- Allow target to specify when is register pressure "too high". In most cases,
  it's too late to start backing off aggressive latency scheduling when most
  of the registers are in use so the threshold should be a bit tighter.
- Correctly handle live out's and extract_subreg etc.
- Enable register pressure aware scheduling by default for hybrid scheduler.

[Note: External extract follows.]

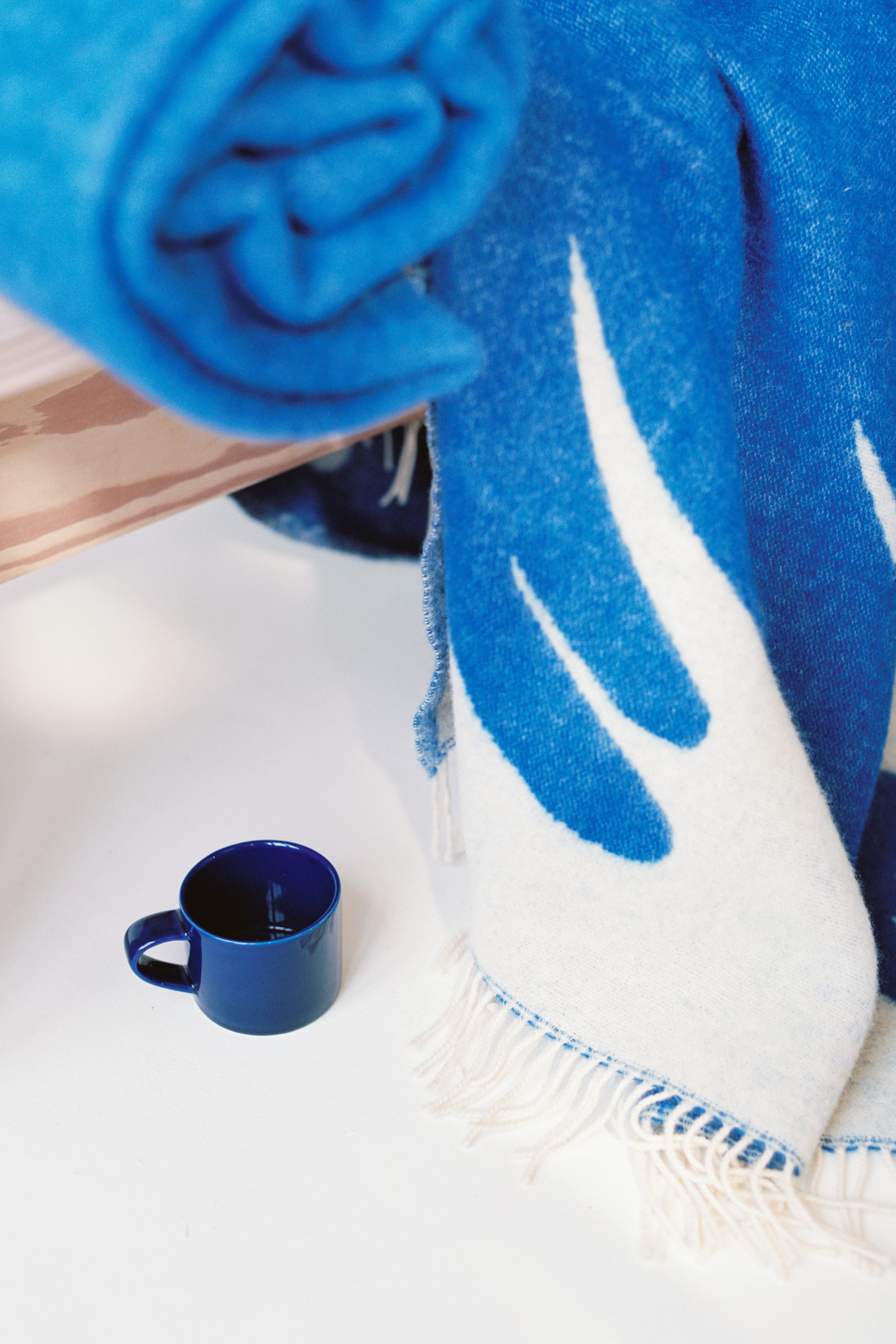 Tazza in grès porcellanato - Blu scuro/Beige/Motivo crepato/Bianco sporco/Nero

  For ARM, this is almost always a win on # of instructions. It's runtime
  neutral for most of the tests. But for some kernels with high register
  pressure it can be a huge win. e.g. 464.h264ref reduced number of spills by
  54 and sped up by 20%.


git-svn-id: https://llvm.org/svn/llvm-project/llvm/trunk@109279 91177308-0d34-0410-b5e6-96231b3b80d8
diff --git a/lib/CodeGen/SelectionDAG/ScheduleDAGRRList.cpp b/lib/CodeGen/SelectionDAG/ScheduleDAGRRList.cpp
index 334ce58..2ffd350 100644
--- a/lib/CodeGen/SelectionDAG/ScheduleDAGRRList.cpp
+++ b/lib/CodeGen/SelectionDAG/ScheduleDAGRRList.cpp
@@ -28,16 +28,12 @@
 #include "llvm/ADT/SmallSet.h"
 #include "llvm/ADT/Statistic.h"
 #include "llvm/ADT/STLExtras.h"
-#include "llvm/Support/CommandLine.h"
 #include "llvm/Support/Debug.h"
 #include "llvm/Support/ErrorHandling.h"
 #include "llvm/Support/raw_ostream.h"
 #include <climits>
 using namespace llvm;
 
-static cl::opt<bool> RegPressureAware("reg-pressure-aware-sched",
-                                      cl::init(false), cl::Hidden);
-
 STATISTIC(NumBacktracks, "Number of times scheduler backtracked");
 STATISTIC(NumUnfolds,    "Number of nodes unfolded");
 STATISTIC(NumDups,       "Number of duplicated nodes");
@@ -1075,7 +1071,7 @@
         std::fill(RegPressure.begin(), RegPressure.end(), 0);
         for (TargetRegisterInfo::regclass_iterator I = TRI->regclass_begin(),
                E = TRI->regclass_end(); I != E; ++I)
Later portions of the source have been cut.